Girardi watch: The Yanks’ second-year skipper was given a pass after falling short of the playoffs in his rookie campaign a year ago, his first at the helm after replacing the legendary Joe Torre (and his stretch of 12 straight years of postseason play in the Bronx). This year, with the Bombers spending a boatload of cash in the offseason to land premier free agents Sabathia, Burnett and Mark Teixeira, there will be no such pardons. The straight-laced Girardi differs in that way from the serene Torre, but he shares one trait with his predecessor: dubious bullpen management. If he makes strange decisions like bringing mop-up man Brett Tomko into the fifth inning of a tight game as he did June 21 vs. the Marlins, it could be a long winter for the Girardi clan. With his job likely hinging on a postseason berth, will the pressures of managing baseball’s most recognizable team get the best of Girardi?

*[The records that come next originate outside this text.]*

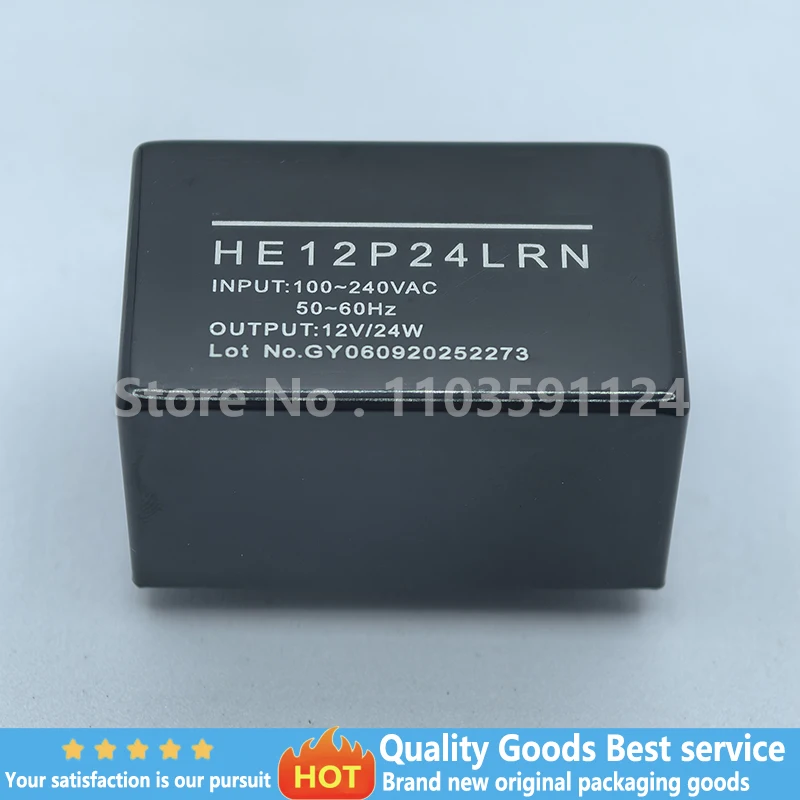 1PCS/LOT Original H…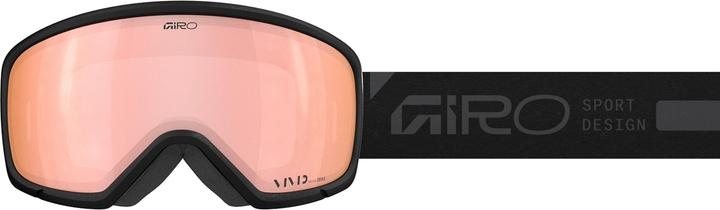 Immagine prodotto Giro Millie Vivid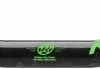 Reverse RCC-810 DH Carbon Fahrrad Lenker 31,8mm / 25mm UD Glanz Schwarz/grün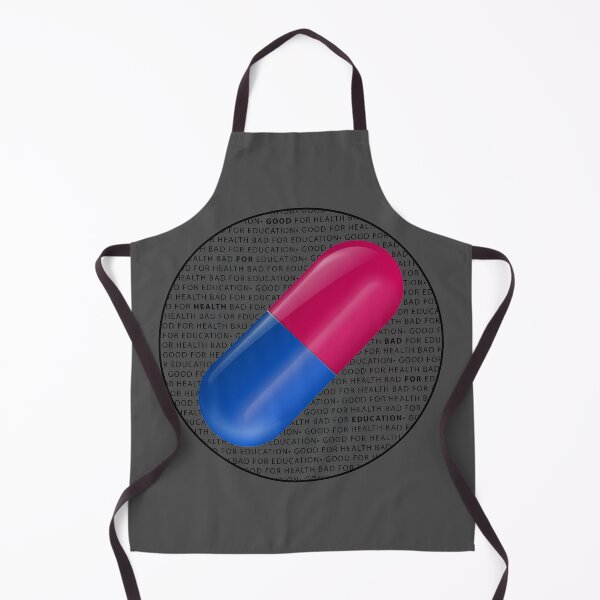 Item preview, Pill designed and sold by PsychoProjectTS.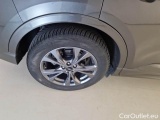  Ford  Kuga FORD  / 2019 / 5P / SUV 2.5 BENZINA FHEV 190CV 2WD ST-LINE AUT #69
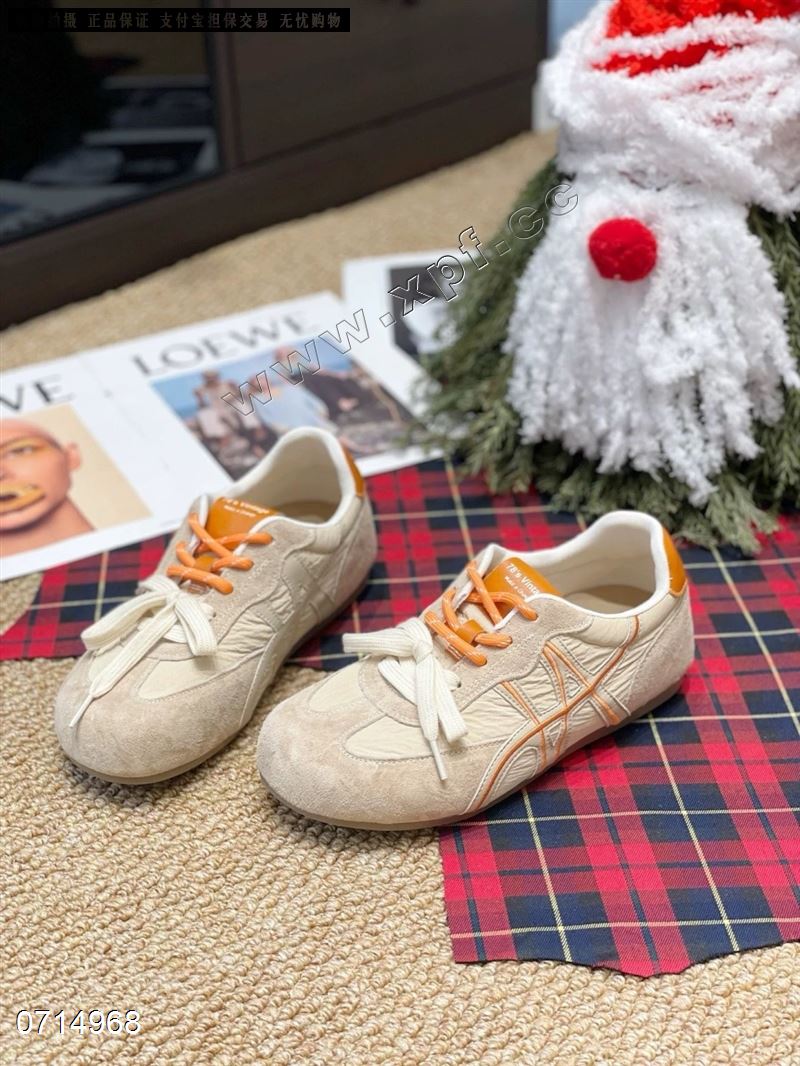 𝐑𝐄𝐓𝐀 𝐕𝐈𝐕𝐈  1512907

Walking wounded: The Yanks are a veteran ballclub and it’s shown at times this season. A-Rod missed Spring Training and April following offseason hip surgery. Wang’s return from last season’s injury has been futile at best, marred by ineffectiveness and two return trips to the DL this season. Lefty reliever Damaso Marte has missed most of this season due to left shoulder tendinitis and is on rehab assignment. Outfielder Xavier Nady underwent Tommy John surgery on his right elbow and is out for the season. Deep at the corners of the infield and outfield, the Bombers can’t afford an injury up the middle – just ask the Mets.

What started as a promising season for the Amazin’s has quickly eroded to despair. Injuries to key players have revealed a hideously shallow roster. After a seven-game winning streak in early May, it’s been all down hill, punctuated by dropping five of six in the Subway Series. Among those five defeats was a new low for even the Mets, when second baseman Luis Castillo flubbed what would have been a game-ending popup, instead giving the Yanks a win on a walk-off error. The Mets can go two ways in the second half: They’ll either get healthy, get better and make a chase at the Phillies, or finish a miserable season and limp into the offseason. Either way, there will be plenty to watch for.

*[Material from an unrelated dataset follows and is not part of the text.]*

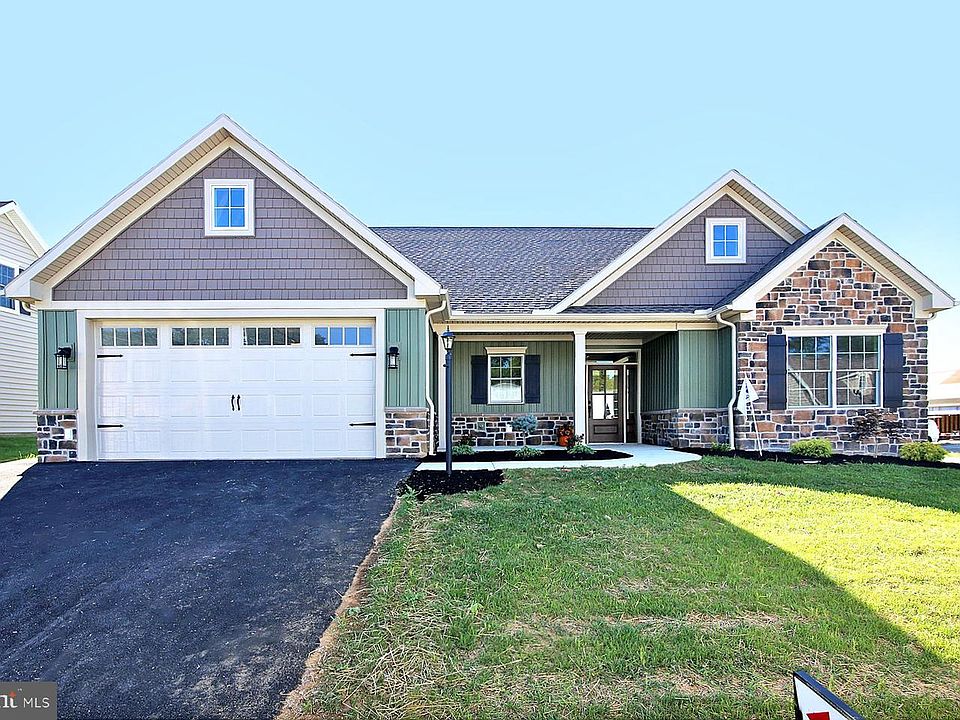 1st image of 108 Allwein Dr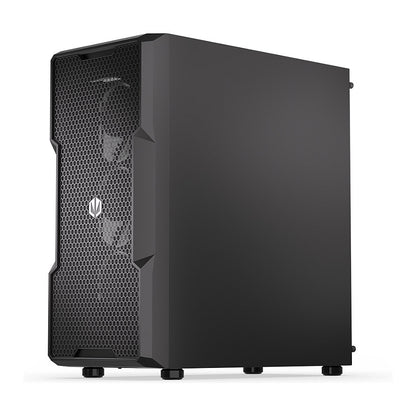 Midi ENDORFY Regnum 400 Air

M.A.S.H. Unit: Injuries are inevitable. Try as they might, teams can’t dictate when and to whom bumps, bites and bruises strike. But the Mets have had the particular misfortune of enduring serious injuries to four of their best players. Carlos Delgado, Jose Reyes, Carlos Beltran and J.J. Putz have been replaced by the platoon of Daniel Murphy/Fernando Tatis, Alex Cora, Jeremy Reed and a hodgepodge of relief specialists, respectively. To put it kindly, it’s been a steep dropoff. Delgado is recovering from hip surgery but is old and probably will not fire on all cylinders upon returning. Reyes is suffering from the lingering effects of a torn hamstring tendon, and his recovery has been slow at best. Putz underwent surgery to remove bone spurs from his elbow and should be back by August or September. Most troubling, Beltran may need microfracture surgery for his balky knees, which would end his season and cast serious doubt about his long-term career prospects.

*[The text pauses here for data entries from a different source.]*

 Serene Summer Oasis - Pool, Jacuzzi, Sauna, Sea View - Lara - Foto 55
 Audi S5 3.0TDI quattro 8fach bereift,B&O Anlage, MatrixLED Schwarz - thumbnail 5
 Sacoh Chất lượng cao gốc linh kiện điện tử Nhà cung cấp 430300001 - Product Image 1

Buyers or sellers? It’s hardly general manger Omar Minaya’s way to concede defeat, but with uncertainty surrounding the returns of the injured players and a team simply ill-equipped for a playoff run as presently constituted, will the Mets give up on ’09 and look ahead to a hopefully brighter future? If so, that could mean parceling off whatever players they have of value, outside of Reyes and Wright, who are in the primes of their careers and signed to favorable contracts. Otherwise, the Mets, like every team in baseball, would be well advised to place a call to Blue Jays general manager J.P. Ricciardi and inquire about Halladay.

Carte blanche: Mets owner Fred Wilpon was among the dozens of high-profile investors fleeced in the Madoff scheme, and rumors have persisted since that the Mets simply don’t have the budget to add significantly to their payroll. If so, that would preclude them from swinging a deal for Halladay, free-agent-to-be Matt Holliday of the A’s and several other impact players.